I had a conversation with a millennial Uber driver which started my desire for a financial transparency movement (hashtag away! #FTM).  He told me that he did not like American Express because it made him pay off his balance in full every month.  He revealed that while he knows he pays some interest (but was not aware how much), he would rather a card that only requires him to pay part of his balance.  He could pay his credit card in full but why would he if he doesn’t have to.  I understand that not paying off his card could be to use the money elsewhere and maybe the interest on the card is cheaper than what he would get on a loan…There are definitely financially responsible reasons to not pay off a credit card, but after talking for a few minutes, he expressed he hadn’t really understood how much money he was wasting by not paying it off until our conversation.  I know he’s not alone.  Limited conversations with some friends who haven’t worked at a credit card company have taught me they too, don’t understand all the complexities of credit cards.  So let’s just talk about it.  We all bring different knowledge and habits and could definitely help each other save a dollar or two… as a generation who enjoys sharing cars and apartments, let’s also share our financial knowledge.

50 Shades of Transition

I am in a period of transition, and it feels weird.  There are lots of transition points you encounter in life – moving, change in job, family additions – and no matter how many I’ve gone through, each is unique is in it’s own way.  I recently left my corporate job to pursue a talk show career full-time.  I am loving this new path yet find the contrast in lifestyle bigger than I expected.  I had a pretty good gig at a financial services company, and after 10 years in the corporate world, I was definitely in a rhythm (think, dancing GIF of me doing the Carlton from Fresh Prince of Bel Air).  I knew what everyday would bring.  I felt comfortable.  Now, I couldn’t be further from his feeling.  As a new ar-tiste, I am learning how to live in this entrepreneur like world.  I wake up everyday and set my agenda for the day.  While I may set deadlines, I can’t control the people I’m dependent on so have to just be flexible.  I constantly feel a pressure to deliver, which I have no doubt all entrepreneurs feel, because I am the main proponent in making this venture a success.  I am not fully sure I know what my end game is so am trying to figure out how to apply success metrics to a field that can take years to ever make money – yes, I just said success metrics #corporatelingoturnsentrepreneur (side note, if you have not watched the video “The Center for Corporate Studies” on YouTube, you must. It’s hysterical).

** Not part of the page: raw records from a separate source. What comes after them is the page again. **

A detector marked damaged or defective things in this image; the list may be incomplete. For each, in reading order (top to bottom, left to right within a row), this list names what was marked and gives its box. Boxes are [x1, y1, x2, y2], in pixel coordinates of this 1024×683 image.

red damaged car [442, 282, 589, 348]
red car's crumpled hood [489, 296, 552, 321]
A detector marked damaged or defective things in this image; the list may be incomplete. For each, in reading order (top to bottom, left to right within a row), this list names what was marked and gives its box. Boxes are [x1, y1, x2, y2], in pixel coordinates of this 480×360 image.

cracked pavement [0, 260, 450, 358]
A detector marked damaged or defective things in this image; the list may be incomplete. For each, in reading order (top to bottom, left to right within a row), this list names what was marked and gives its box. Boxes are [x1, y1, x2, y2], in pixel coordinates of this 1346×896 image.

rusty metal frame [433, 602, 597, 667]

Transitions are inevitable because all of life is constantly changing.  As a kid, you might be forced into a transition.  I moved from California to New Jersey when I was 8-years-old and didn’t know how to handle it.  I shut down and didn’t talk for the first three months (also because my mom told me if you don’t have anything nice to say, don’t say anything at all – point taken).  As an adult, we sometimes get to choose our transitions, but that doesn’t mean it’s not equally parts scary and exciting.  I could not feel more confident that making a career change was the right choice for me, but if any of you have gone through a significant lifestyle transition, then you, too, know that at the beginning, it is really hard.  You can mentally prepare yourself for what might lie ahead, but it might not happen exactly how you thought.  I know I’m not the only person who has felt this but wanted to share some of the things I’ve realized about adult transitions.

Lesson 1:  Enjoy the process – don’t focus on the outcome.  

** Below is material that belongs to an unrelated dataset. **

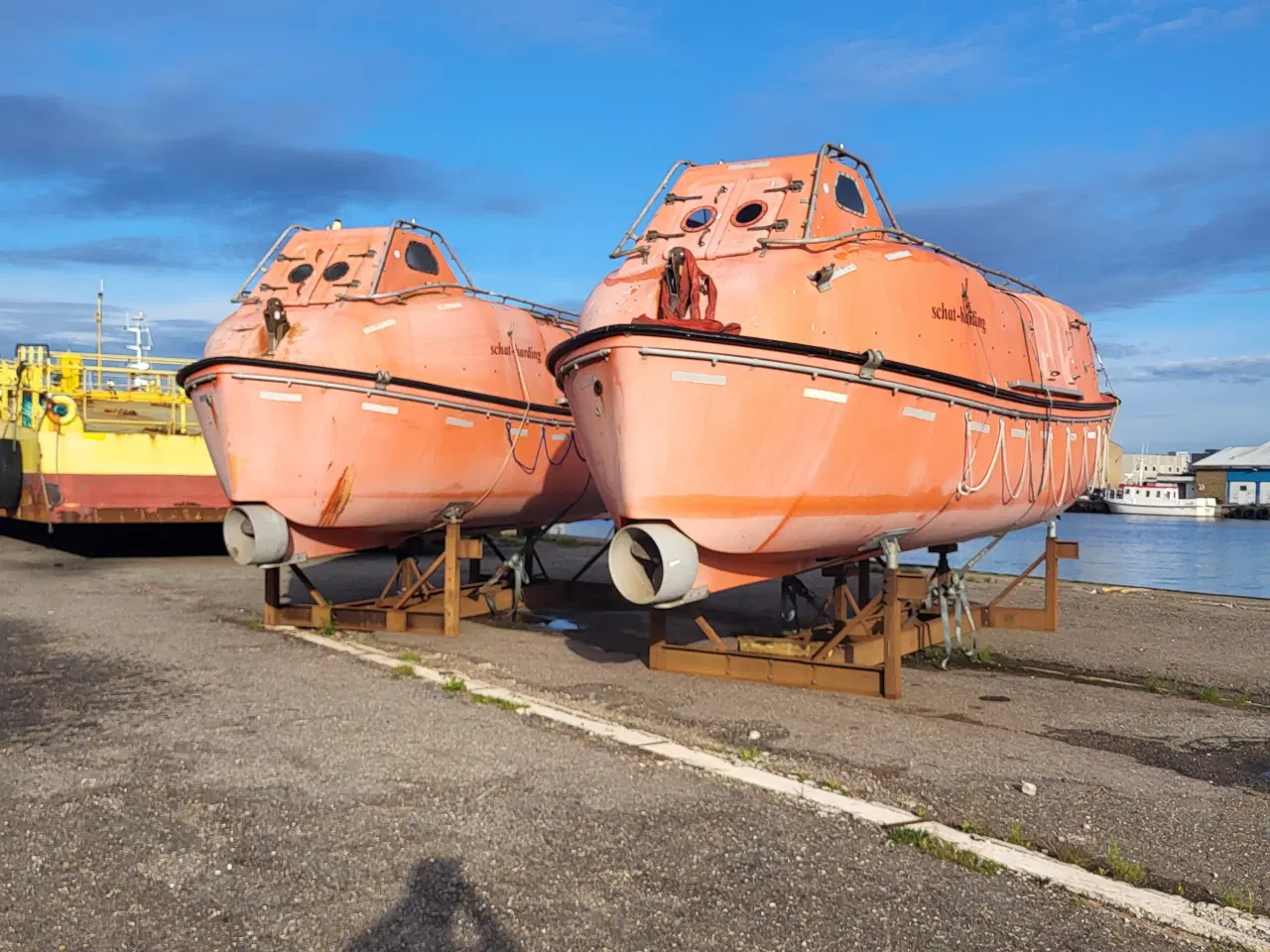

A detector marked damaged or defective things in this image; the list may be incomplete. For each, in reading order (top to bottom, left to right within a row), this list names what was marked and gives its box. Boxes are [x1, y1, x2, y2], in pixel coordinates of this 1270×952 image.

rust stain on hull [319, 464, 355, 525]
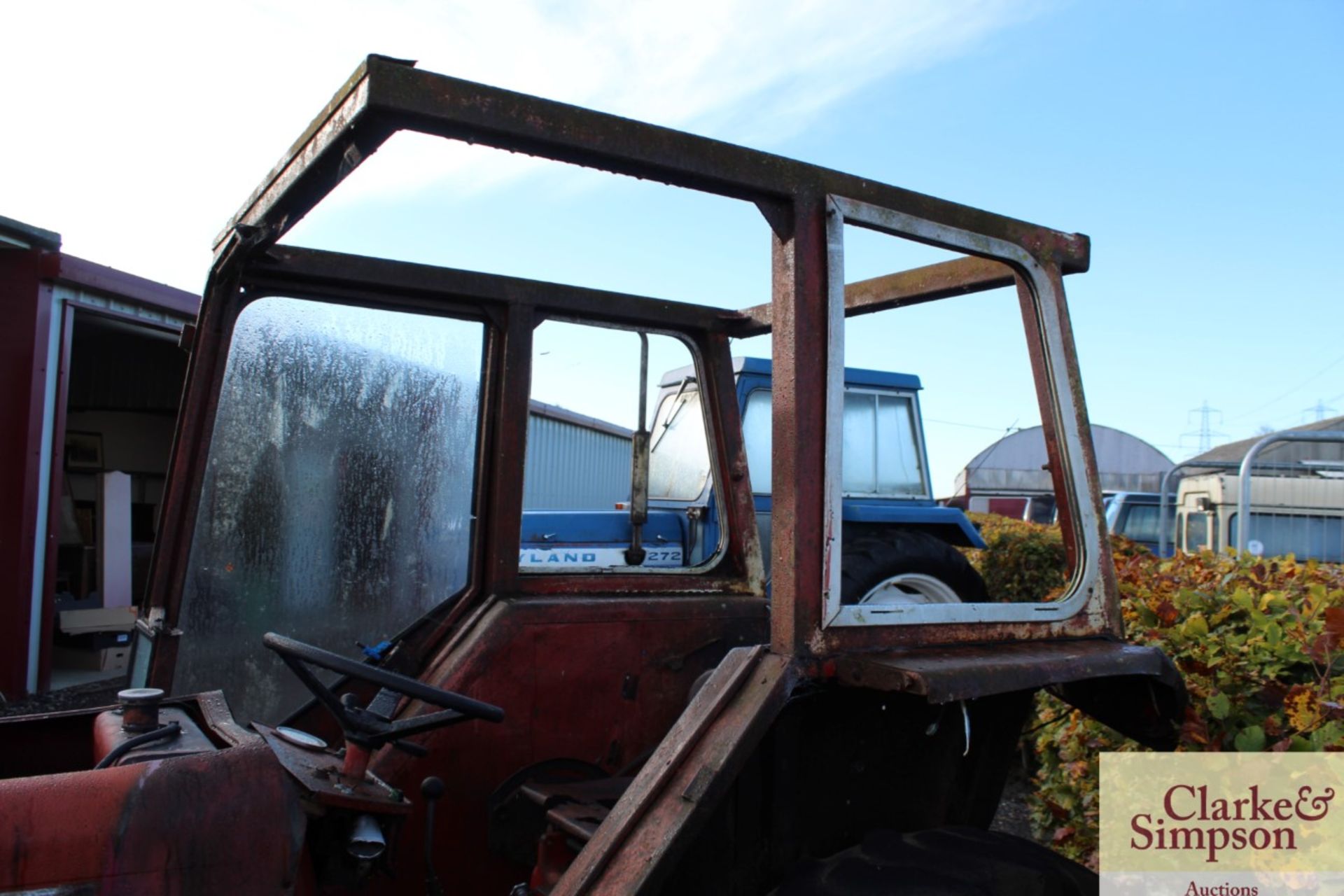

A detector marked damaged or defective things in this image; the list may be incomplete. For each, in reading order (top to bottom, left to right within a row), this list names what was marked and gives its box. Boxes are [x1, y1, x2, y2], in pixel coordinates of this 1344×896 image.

rusty cab frame [134, 57, 1187, 896]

I’ve been told this about life before but when someone told me this recently, I realized I was not embracing it.  I was beating myself up about what I haven’t accomplished in my one month of this new career.  ONE MONTH.  I was frustrated and already doubting my pursuit of a talk show career.  I was so focused on outside metrics and lost touch with what I’m learning each day.  Sometimes not hitting milestones is the best thing for you – maybe you aren’t ready or maybe it isn’t the right direction.  So focus on each day, not some far off objective, and when you need to get to your original goal or a new one, you will.

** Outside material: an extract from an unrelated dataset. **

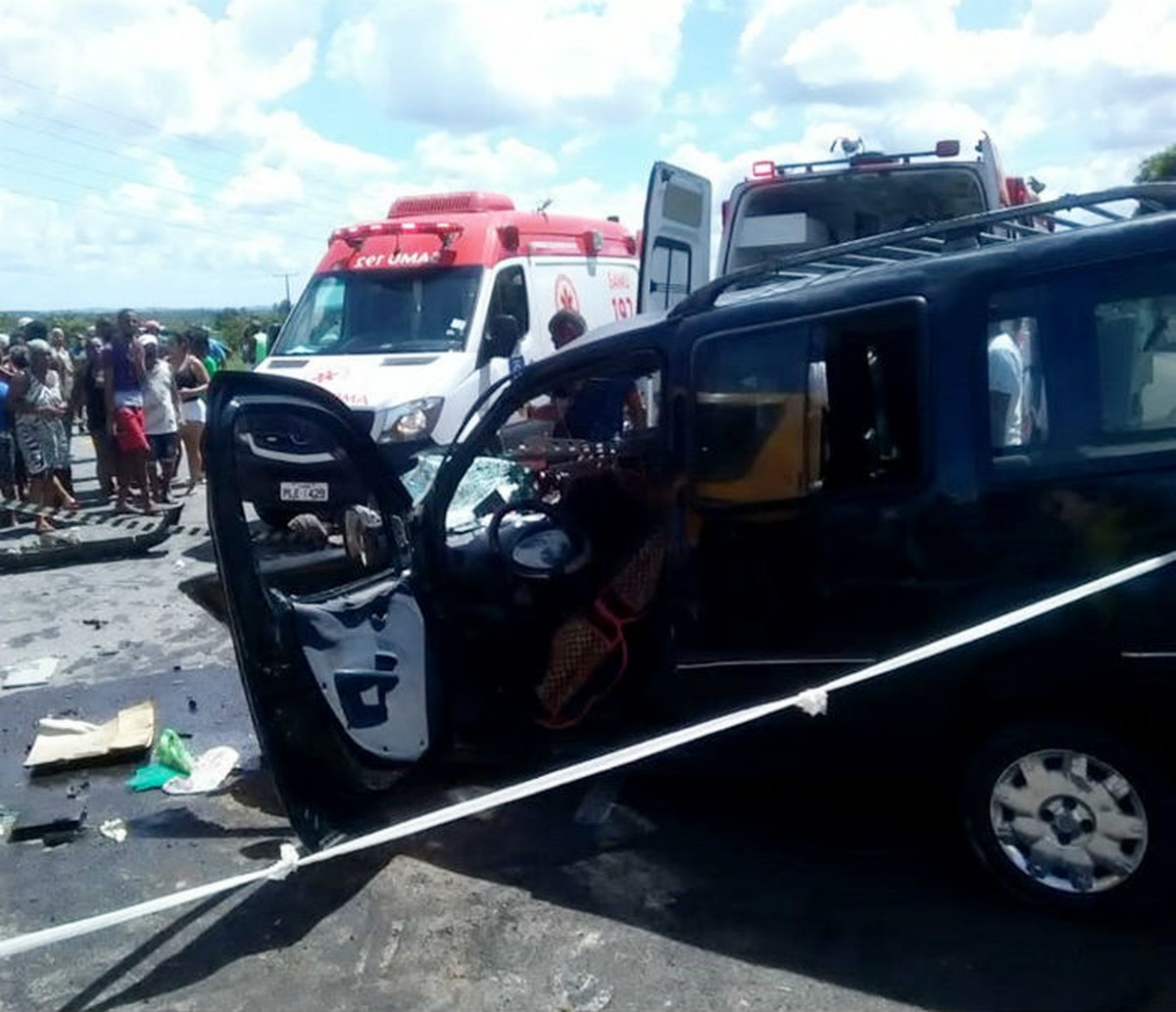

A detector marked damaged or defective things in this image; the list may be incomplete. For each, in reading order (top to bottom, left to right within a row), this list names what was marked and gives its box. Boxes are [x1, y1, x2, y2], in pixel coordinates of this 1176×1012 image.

shattered windshield [270, 266, 482, 357]
severely damaged black van [207, 183, 1176, 917]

Lesson 2: Give yourself a chance.  

When fear and unknown are staring you in the face, it is so easy to welcome them in and listen to the doubts and lies.  You might not know what you are doing; you might not know what tomorrow will literally bring; but give yourself a chance to learn and grow.  Stop yourself from thinking negative thoughts or sabotaging your own progress, especially when you first start out.

Lesson 3: Don’t keep it together.  

No one is perfect when they set out to do something new, and if you try to act like you know it all already, you are going to be exhausted.  Let yourself have off days where you don’t get as much done as you wanted to get done.  Let yourself be honest and open with people when you feel overwhelmed and can’t do all that you maybe could do before.  Vulnerability is not weakness, and I think you will be surprised at freedom from allowing yourself to live where you are now.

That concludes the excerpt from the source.